It’s not that they were intentionally profiting from the slave trade or had as part of their financial portfolio government bonds built on the bloody persecution of their fellow Christians. No, the problem was their tacit acceptance of the empire’s monetary regime of buying and selling everything, including people. The problem is how they embraced and benefited from a system of exploitation and death.
Do you know that thirty-five percent of mutual funds contain investments in a maker or retailer of guns and ammunition? Do you know that after the president’s election the stock price for two publicly traded for-profit prison and immigration detention corporations went through the roof? As one financial analyst said, The deportation crackdown is doing very good things for these companies. On a personal level, it leaves a sour taste in my mouth, but I guess business is business.
Like Rome, our American expression of the beast of empire assumes that exploitation and death are the reasonable collateral damages of our wealth. Indiscriminately imprisoning black women and men, massacring children with military-style weapons, building economic bubbles on the backs of the poor… all are the cost of doing business with the beast. I guess business is business.
The particular expression of any empire is always built on the monstrous spirit of empire and so the way the empire engages with money will never be neutral.
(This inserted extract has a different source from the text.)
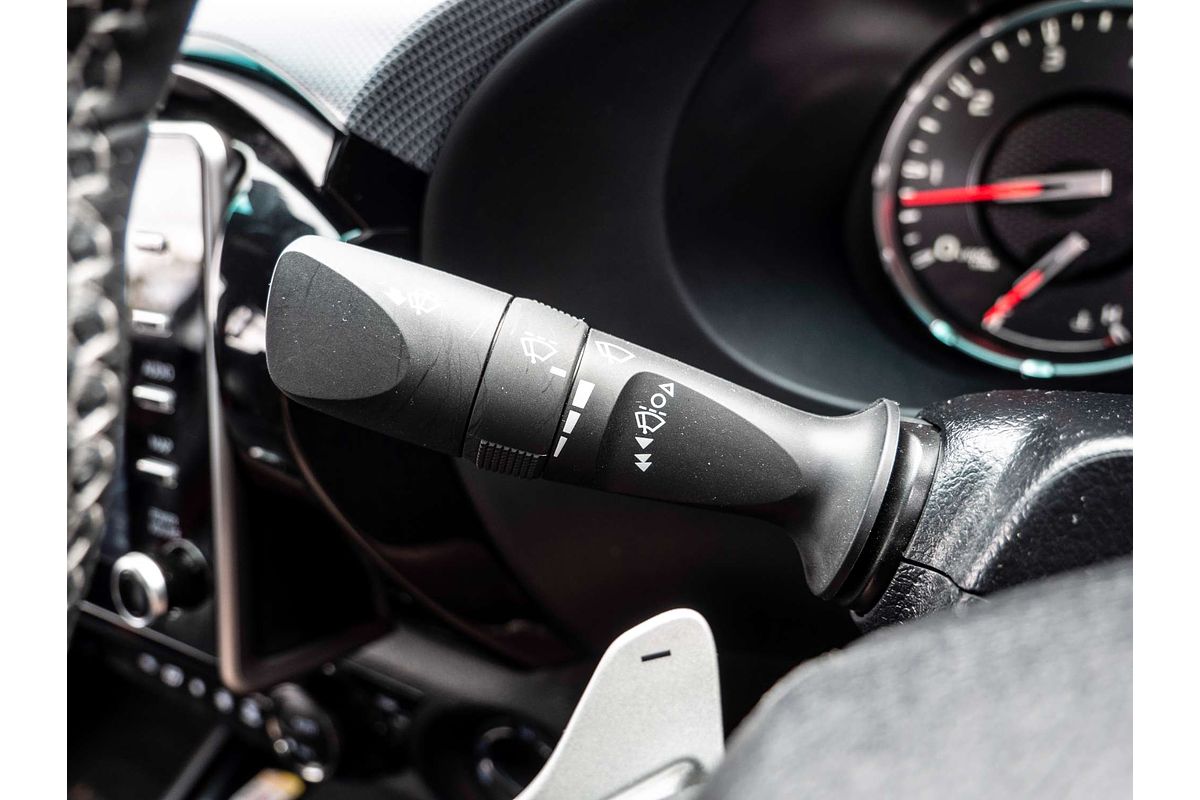 2024 Toyota Hilux GR Sport GUN126R 4X4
Money, in the empire, will always be wielded as a spiritually oppressive power. The option to wash our hands of responsibility simply does not exist for those who have been exiled within the pagan empire… whether that empire is Rome in the early 100’s or America in the early 2000’s.
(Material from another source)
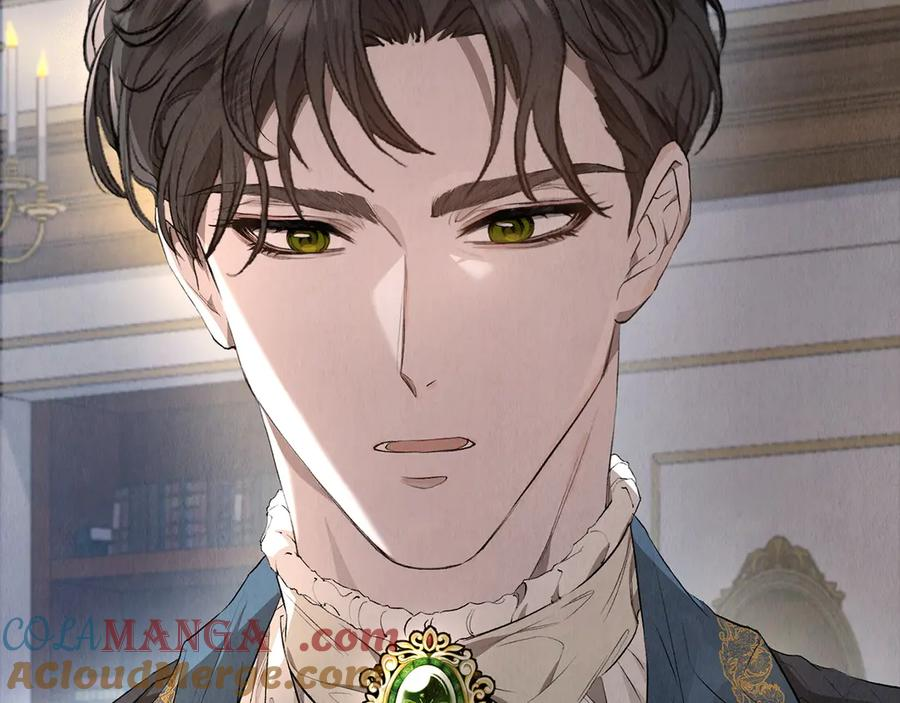 第9话 意外小礼物 第213页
Of the Laodicean Christians, theologian Brian K. Blount writes that they “comprised a wealthy, self-sufficient community of faith. They believed that their wealth was an indication that they were recipients of God’s favor. John believed that their wealth was an indication that God did not favor them. Because one could only gather wealth in that Greco-Roman context by blending into the very culture that denied God’s lordship, wealth was a sign of accommodation.”
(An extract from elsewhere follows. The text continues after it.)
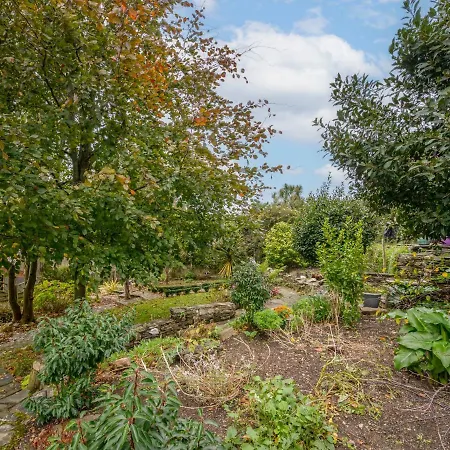 Cherry Orchard By Interhome *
God was angry with the Laodicean Christians because the money and wealth in which they had put their trust came from the monster’s ravenous appetite for human flesh. Their comfortable homes, secure borders, respectable jobs, and secure bank accounts were evidence not of God’s favor but of their collusion with the demonic forces of empire, the same forces that had exiled members of their own Christian family at the knife’s edge of persecution unto death.
How could the Laodicean church miss it? How could they mistake wealth that was built on the backs of enslaved and exploited people as God’s blessing? How could they ignore that the same empire that had made them wealthy was literally killing their Christian family? And what about us? We miss the same thing those early Christians missed, that money is a spiritual power that the evil one exploits for his destructive purposes, purposes that are heightened and hidden within the machinations of the empire.
Once we understand the satanic power behind empire we can better understand the Laodicean church’s captivity to money, and perhaps our own as well. The Bible tells us two important things about God’s enemy, the red dragon of Revelation who animates the beast of empire. First, his desire is to destroy. So of course the spirit of empire – whether the Roman empire of the past or the current expressions of empire that we experience today – of course empire will destroy human life. And not just as a matter of occasional policy, but as the fundamental rationale for its very existence. There is no way to profit from the empire without profiting from someone else’s exile; there is no way to take the empire’s money without being complicit with the empire’s bloodthirsty violence- human beings sold as slaves.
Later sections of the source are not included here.